La La Land: Música para mitigar las ansias.
"Solemos llamar destino a todo lo que limita nuestro poder", decía Emerson, y tan errado no iba el hombre, porque al elegir estamos sujetos a esas decisiones y sus consecuencias, las cuales pueden no darnos todo lo que deseamos, solo, tal vez lo que más ansiamos.
El recorrido que iniciamos con Sebastian (Ryan Gosling) y Mia (Emma Stone) es una suerte de declaración de hechos que se nos muestra de la manera más dulce, a través del musical, vieja gloria de las tablas americanas que supo ser la mimada de la industria del cine, a la cual evoca con homenajes que maravillan como el comentado Los Paraguas de Chesburgo (Jacques Demy – 1964) o West Side Story (Robert Wise, Jerome Robbins – 1961), pero que en definitiva posee solo la remota añoranza de ellos, algo que el director parece querer generar para así contar una historia en que el amor no es siempre lo que creemos.
Ella vende café en una tienda en los estudios de filmación, el sitio más cercano que ha conseguido, hasta hoy, para ser parte de todo ello como actriz. Una joven que, audición tras otra, parece ir desencantándose con la idea. Una joven que de a poco comprende que no todo será como en una bella película. Mientras que él es un sabueso que persigue el sueño a fuerza de creer que lo imposible no es tal, que solo es cuestión de esfuerzo y planes. Ambos se cruzaran, parecen destinados a eso, si se considera especial que un músico de jazz, chapado a la antigua, amante de Miles Davis y la actriz en busca de un futuro en el medio, no fueran a hacerlo en las calles de Los Ángeles. Se cruzan, decíamos, en la escena de apertura del film, una de las más bellas que recuerdo en un musical, donde en una larga escena vemos a una masa de automovilistas que, varados en un embotellamiento de autopista, cantan a sus sueños y a la persecución de ellos. Y aunque el relato da inicio con una ríspida mirada, terminará en una historia de amor. Somos testigos del nacimiento y la consumación de lo anhelado, que no siempre es lo que esperamos. Ponen el intento en algo que tal vez no es lo primordial. Damien Chazelle, que tanto nos maravillara con Whiplash en 2014, ganadora tres premios de la academia, hace de esta historia un alegato a lo que decidimos como nuestro futuro, uno que somos conscientes de haber elegido y que aunque a veces duela y rompa, asumimos.
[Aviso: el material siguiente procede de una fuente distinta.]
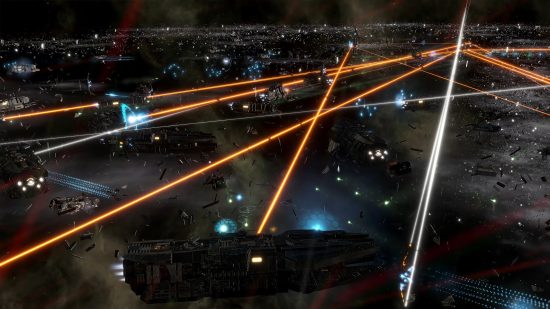 Best space games: a fleet of spaceships battling in space in Stellaris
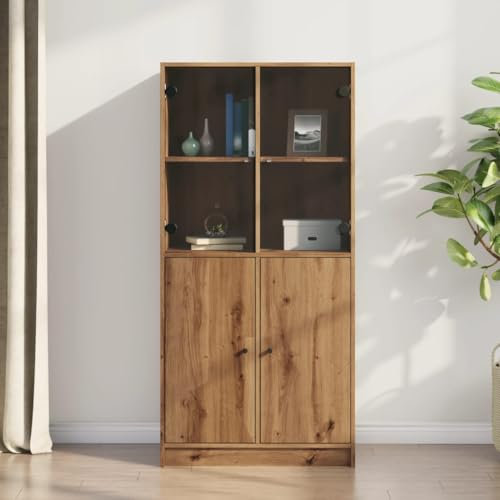 Lauuoeriau Furniture Item Home Highboard mit Türen Artisian Oak 68x37x142 cm Holz-Möbel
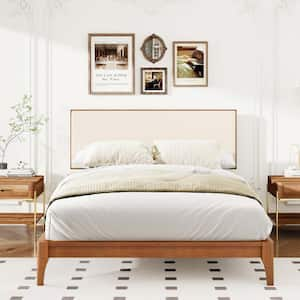 Brown Bamboo Frame Queen Platform Bed with Bamboo Frame Upholstered Adjustable Headboard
Son ellos el uno para el otro, como un amor cortoplacista que los adormecerá por un momento de sus frustrados deseos, como si depositaran el eros en lugar seguro hasta conseguirle el sitio para el que se lo estuvo preparando. Qué es el amor sino una prolongación de nuestras ambiciones, puras, tiernas y furiosas. Hace, de uno y del otro, la vasija que los contiene. Quizás por eso divida la historia en dos y hace que la primera parte concluya con ese vals en las estrellas. Han llegado a la cúspide que cada uno puede dar de sí en una historia de amor. Y es entonces, con menos cuadros de baile y música que los contenedores de resquebrajarán, porque no se debe guardar anhelos viejos en vasijas nuevas.
Emma Stone y Ryan Gosling componen un dúo protagónico con tan buen tino que hacen que sus momentos musicales suenen con mucha más naturalidad que la deseada en muchos otros (como nos ocurrió con Les Misérables – 2012 Tom Hooper) y eso es gracias también al excelente trabajo de Justin Hurwitz. El autor logra que las canciones sumen a las escenas, como una prolongación emocional del estado de los personajes. ¿Seríamos capaces de romper para alcanzar? Es imposible que, como en todo tránsito hacia la consumación, no se tenga que abandonar lo que podría ser lastre. Y no hablamos del amor, sino justamente a quien se lo dedicamos.